My grandmother Rose Russo embroidered this in the early 1900s. |
I wonder where those works of art are today. Handed down in families? Or are they the pieces I see for sale on eBay, Facebook and elsewhere online?
The question arose after I recently took out and refolded the family heirloom linens I inherited. My Sicilian immigrant grandmother created them in New York City between 1910 and 1918. In the same era, a sizeable cluster of Sicilian immigrant women lived and worked in Tampa's Ybor City. Information about their role in the city's cigar-making industries is fairly easy to locate. Information about their domestic lives, not so much.

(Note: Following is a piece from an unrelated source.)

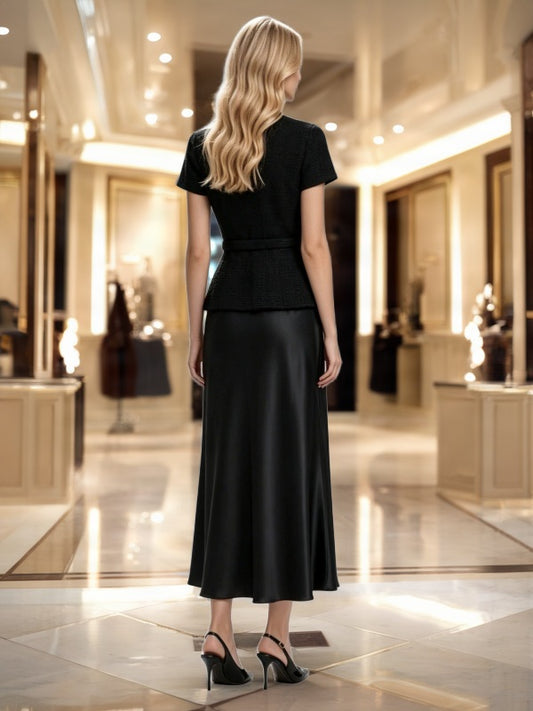 Black Embellished -Look Jacket & Maxi Skirt Set model back view · nz-bg-v1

Yet, as historian and USF professor emeritus Gary Mormino pointed out in a 1983 Florida Historical Quarterly article about Ybor City Italian women, it was family - not work - that was the primary focus of these women. That was true even when they worked outside the home.

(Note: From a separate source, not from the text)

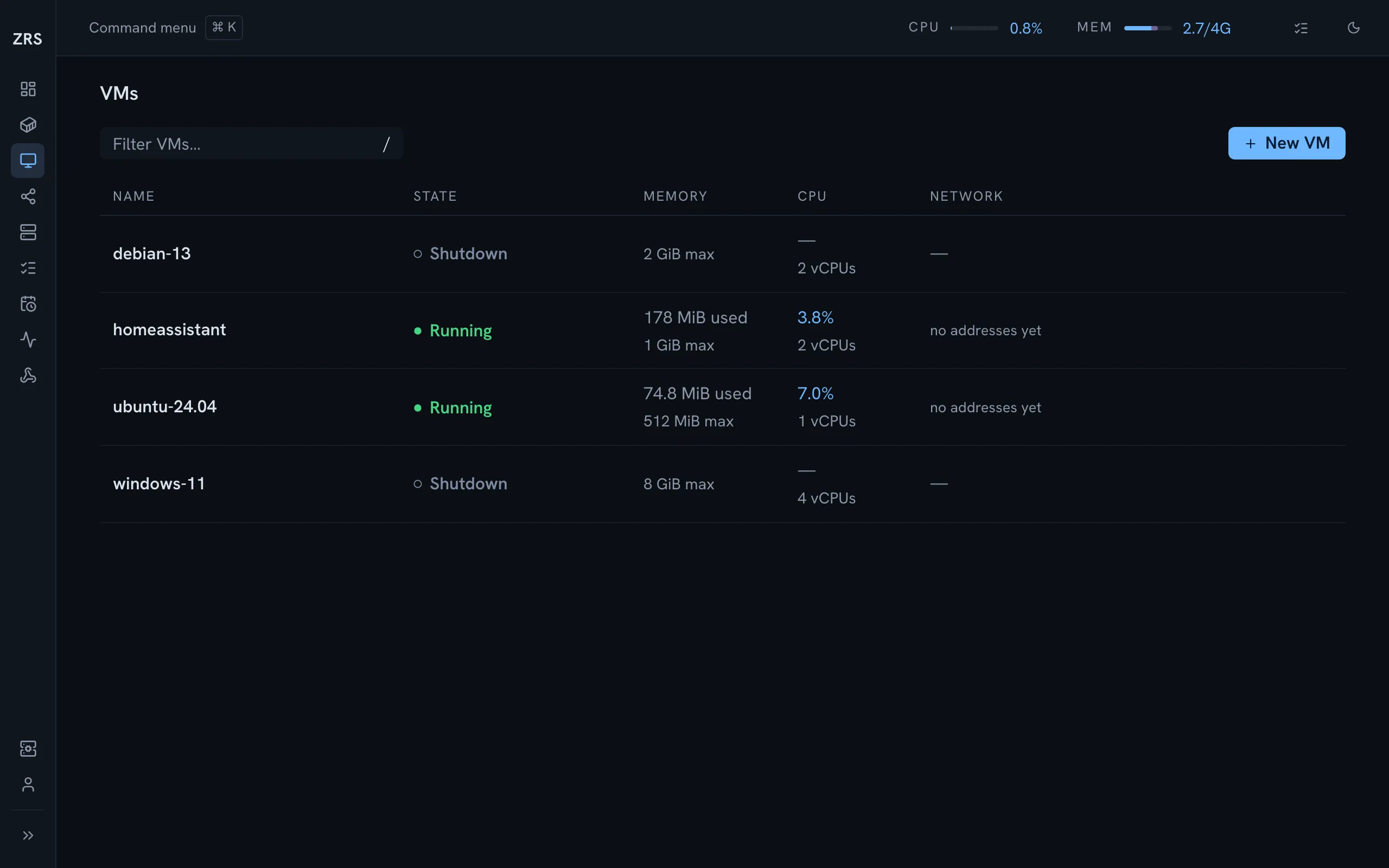 The virtual machines page in ZRS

Everyone labored to ensure the family survived and thrived. In the early 20th century, Sicilian children routinely were pulled from school and sent to work. My grandmother had only a third-grade education. Her counterparts in Florida had similar experiences.
Mormino's article isn't about needlework. But within it, a sentence tells me how much the traditional and cultural Sicilian skill remained an integral part of immigrant life in Ybor City: "While at home, Italian women somehow found time to continue the handicraft arts of sewing, crocheting, and embroidering."

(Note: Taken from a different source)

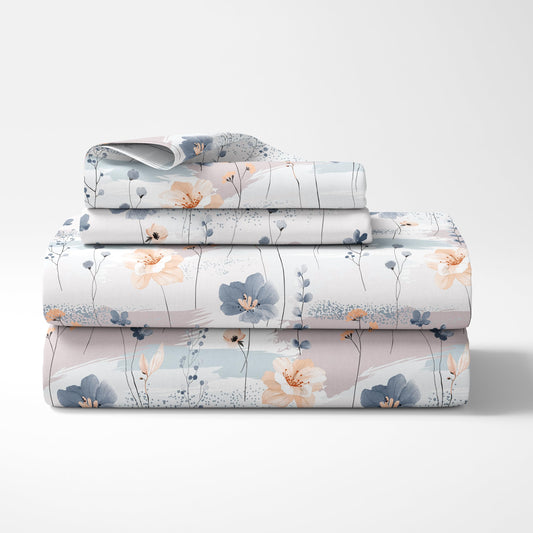 Blue & Peach Double Bedsheet - 210 TC 100% Cotton with 2 Pillow Covers (90 x 90 Inches)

My Sicilian grandmother worked in a sweatshop, yet turned out beautiful embroidered needlework including the piece pictured with this blog. She was from the same region of Sicily as most of the Sicilian women in Ybor City. Needlework was an important part of their lives. It wasn't a hobby as it is today for me. They were making bed and table linens for their trousseaus. They were preparing for future family life.
So, I have a lot of questions. Did these women in Tampa sit and sew together? Did they bring handworks-in-progress to community outings? Did the needlework provide cultural closeness to all they'd left behind? Where did the designs come from? What stores supplied the fabric and thread? Were the materials mailed to the women by relatives?
Above all, where did all that beautiful cutwork embroidery and other needlework go? I speak of the pieces that were special, not the everyday ones used until threadbare. Some of the fine needlework is artistic and belongs in museums. Is it showcased anywhere?
Traditionally, the finest pieces were handed down. But even that practice is fading. Younger generations aren't as interested in the heirloom linens. Yet each piece has a face, a life, a story behind it. They cry out to be remembered.